Your point about periodicity is a good one. You always make me think. And I didn’t know about computers apprehending natural language the way you describe. So let me ponder it a bit and get back to you…
I thought about it and I think you’re on the right track, ‘Vermilion’ and ‘viridian’ each start with v-vowel-r and end with i-vowel-n, and they’re close on a lot of axes–cadence, timbre, frequency of occurrence. But definitionally they’re far apart (about 200 nm 😉 ) and in most situations that trumps everything else. You could substitute ‘vermilion’ for ‘viridian’ in the fragment above and get nearly as much sensory bang for the buck; a vermilion sea is a reach but not out of the question. But elsewhere—traffic lights, for instance, or bullfights—you’d be in trouble. Especially if you were expecting a computer to make inferences based on what it was hearing…
The ontology can perhaps help a computer decide whether ‘vermillion’ and ‘viridian’ are colors or pigments rather than events or artifacts, for example. Within ‘colors’ we would need to add other features to distinguish these two. The ‘ontology’ of words of the day is not to be taken too seriously at this point — it’s a bottom-up approach to organizing the words as they continue to accrue, rather than just archive them in a laundry list. By ‘bottom up’ I mean, I’m only adding upper ‘kind of’ and ‘part-of’ categories as they seem needed for the set of words so far. ‘Events’ and ‘artifacts’ at first approximation seem like different aspects of reality – at least at the level at which reality is described by natural human languages – and the point of an NL ontology is to attempt to capture and categorize language, not necessarily underlying reality, whatever that may be. And your ‘vermillion sea’ is not bad – didn’t Homer speak of the ‘wine dark sea’? 🙂
Wine-dark sea, yes. The place I was thinking of ( http://www.nature.nps.gov/air/WebCams/parks/porecam/porecam.cfm ) has a cold sea and a pounding surf against a desolate shore that sticks so far out into the Pacific it’s on another tectonic plate. You can actually see the change in the landform on either side of the road when you get close. There aren’t many sunny days out there, and toward dusk there’s often mist and a fog bank on the horizon that swallows what sun there is. So viridian is descriptive…
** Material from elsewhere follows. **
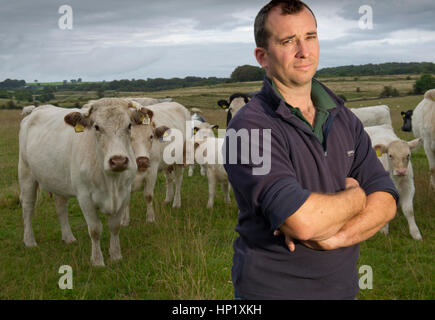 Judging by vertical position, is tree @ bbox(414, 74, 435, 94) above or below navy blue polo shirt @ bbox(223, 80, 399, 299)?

Beyond that, I think the reason it works better here than vermilion is that it affords a descending triplet of syllables, viridian to amethyst to black, 4-3-1, so that the cadence itself mirrors the thing being described, the descent of the sun into the sea. And the hard ‘d’ in ‘viridian’ gives way to the softness of ‘amethyst’ (which contains ‘myst’ as a kind of bonus) the way visual forms soften in the gathering crepuscular gloom. I wish I could say I planned it that way, but it was an accident…
In that vein, I leave you with the following from A. E. Housman: scholar and poet, by Norman Marlow (U. of Minnesota Press, 1958), which I found cited in Colin Dexter’s genre novel The Way Through The Woods (an Inspector Morse mystery), (Crown,1992)
Lots of great literary references here – thanks!